Québec’s peculiar political and cultural status as a French-speaking and reluctant province of an English Canadian Confederation began to change with the rise of a militant independence movement in the 1960s and 1970s. … [Its] emergent cinema, although it never speaks with one voice, could be said to share, both implicitly and explicitly, in a common struggle … of exploring, questioning and constructing a notion of nationhood in the films themselves and in the consciousness of the viewer. … [This] has not resulted in a homogeneous notion of Québec, but one of contradiction, fragmentation and uncertainty. (Barrowclough 205)

This statement speaks to the futility of devising a paradigm for assessing the so-called typical Québec film; at the very core of such films lies a contradiction which cannot be summed up into one archetypal structure. Any Québec production reflects some part of the Québécois experience. Attempts to prescribe criteria for what qualifies as a Québec film are restrictive, and deny the legitimacy of the multiple voices speaking out from Québec.

The complexity of content in Québec films is reflected in the disparate critical response to director Francis Mankiewicz’s film, Le Temps D’Une Chasse. The film, released in 1972, was met with varied, contradictory reviews. One critic found that the film was not at all typically French-Canadian, but that it was about "the impossible efforts of man to get beyond reality" (Godard 34). Another stated that the film was very much a product of French-Canada, showing little promise as a hit anywhere else in the world (Mosk). A third reviewer thought that the episodes in the film "capture and reflect a Québécois mentality," but that the film also had "many qualities" and therefore had the potential to succeed outside as well as inside of Québec (Tads).

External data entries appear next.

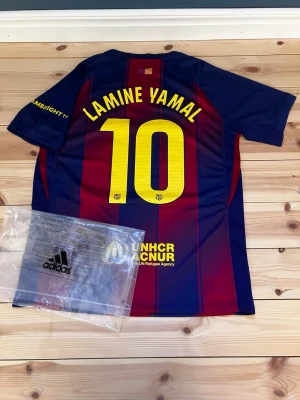 FC Barcelona matchtröja Lamine Yamal - Säljer en FC Barcelona matchtröja med Lamine Yamal och nummer 10 på ryggen. Tröjan är blå och vinröd med gula detaljer, klubbmärke och sponsorloggor på bröstet. Tillverkad i ett lätt och ventilerande material, perfekt för fotboll eller träning.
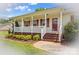 Inviting front porch with classic white columns, brick accents, and a stylish entryway at 189 Lochshire Ln, Woodleaf, NC 27054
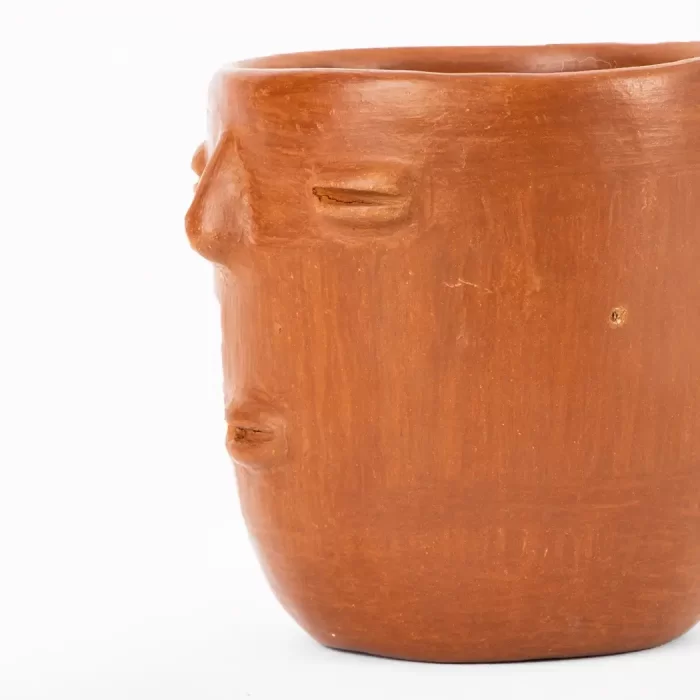 Taza de barro rojo con diseño de cara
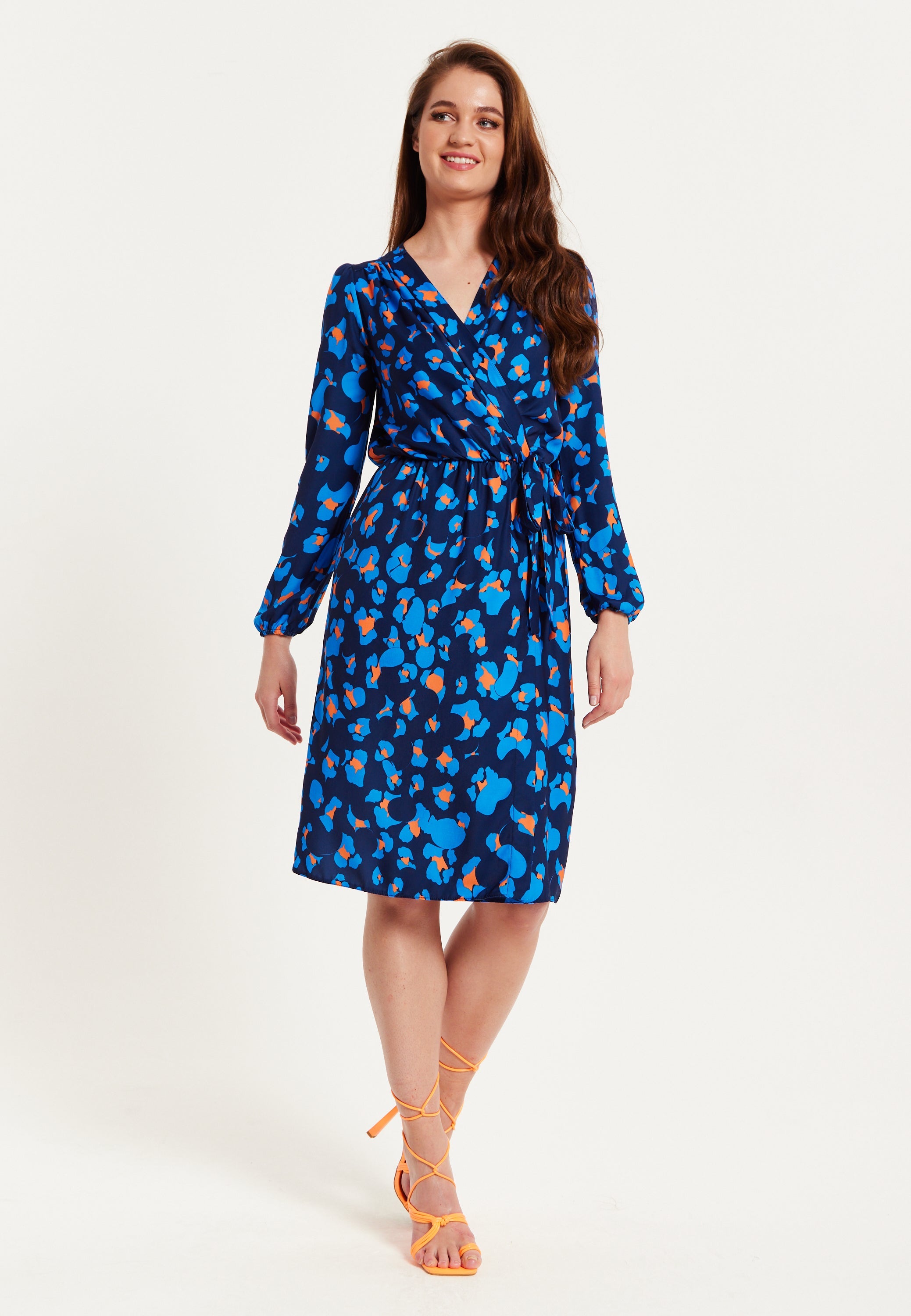 Women's Midi Wrap Dress in Blue with Long Sleeves - Elegant Abstract Print Design by Liquorish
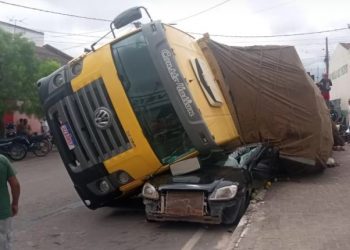 Caminhão carregado de maracujá tomba sobre carro de passeio estacionado
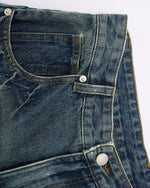 Paneled distressed cropped shorts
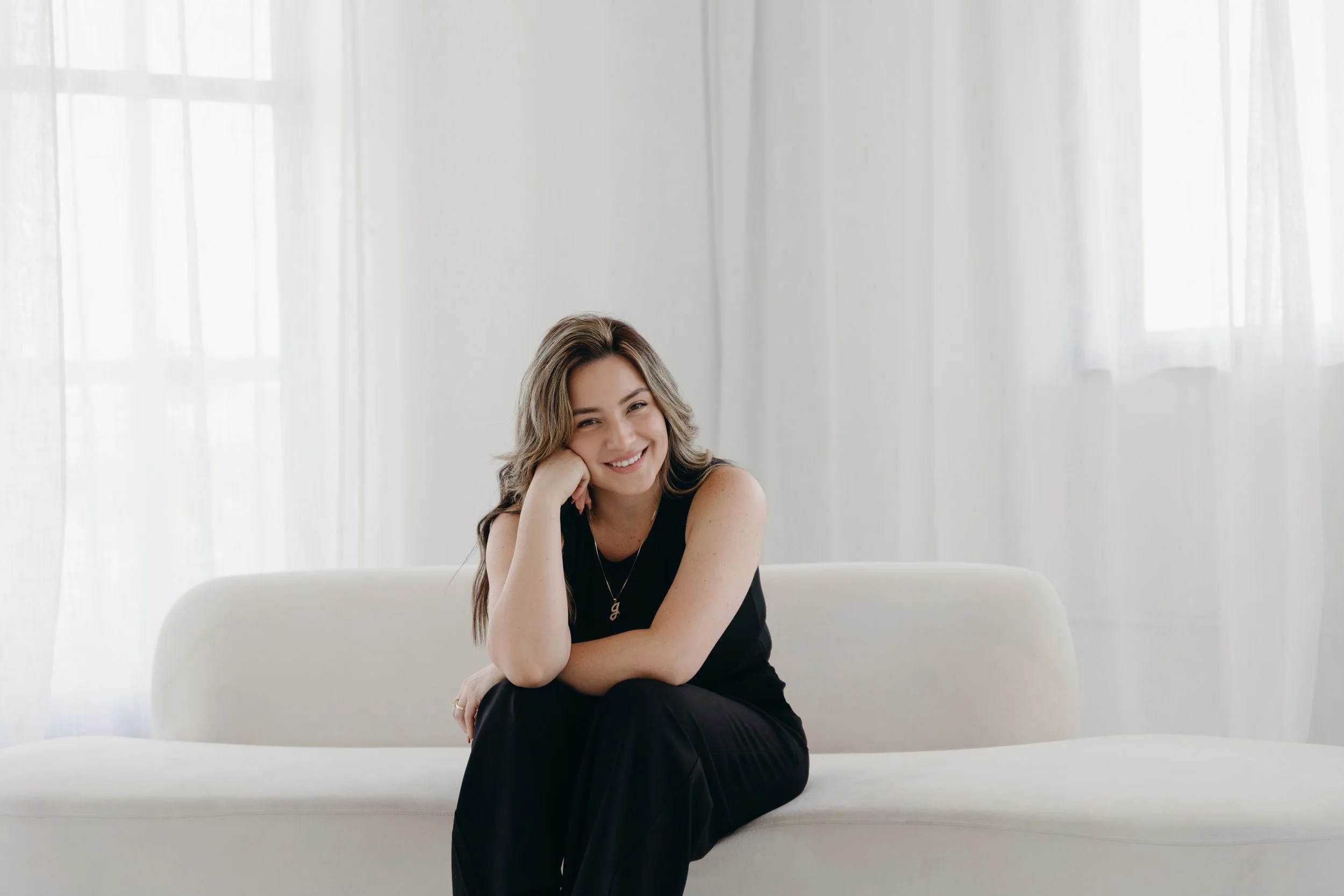 A smiling woman with wavy hair, wearing a black sleeveless top, sitting on a white sofa in a bright room with sheer white curtains and large windows.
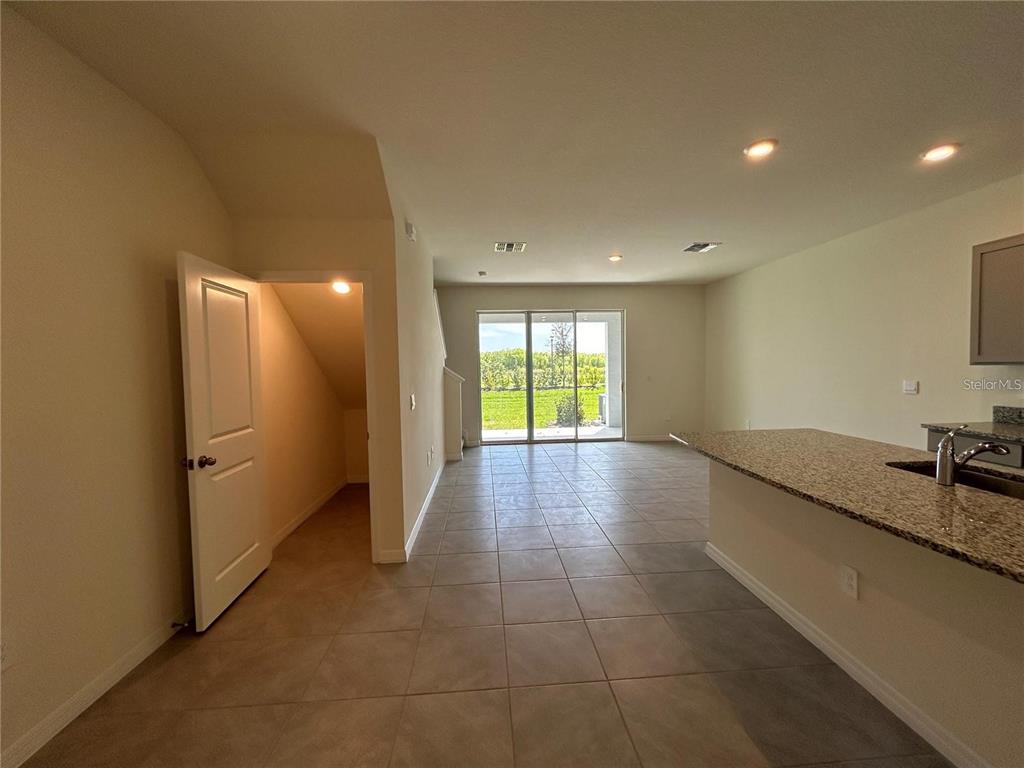 17550 Crescent Moon Loop Bradenton, FL 34211 - Photo 7 of 36 a view of a kitchen with a sink and a window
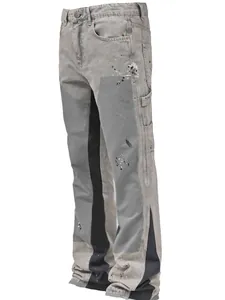Detailed side view of gray men's stacked flare jeans with paint splatters.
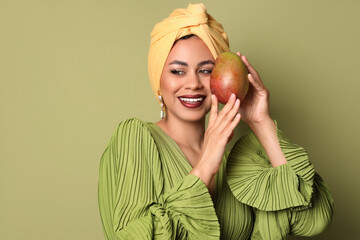 Beautiful African-American woman with fresh mango on green background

Such varied reactions serve to indicate that preconceptions had been formed as to what characterizes a Québec film, and that these preconceptions are assumed to dictate what audiences want to watch. The fact that Le Temps D’Une Chasse is open to various interpretations should not indicate a flaw in the film; rather, it should be seen as representing another aspect of the complex and contradictory social context within which it was produced. "An awareness of contradiction and a willingness to allow this awareness to shape the aesthetic experience are essential elements of modern art’s rebellion against the fixed viewpoint of perspective and linearity that created a sense of order and harmony in the past" (Leach 226).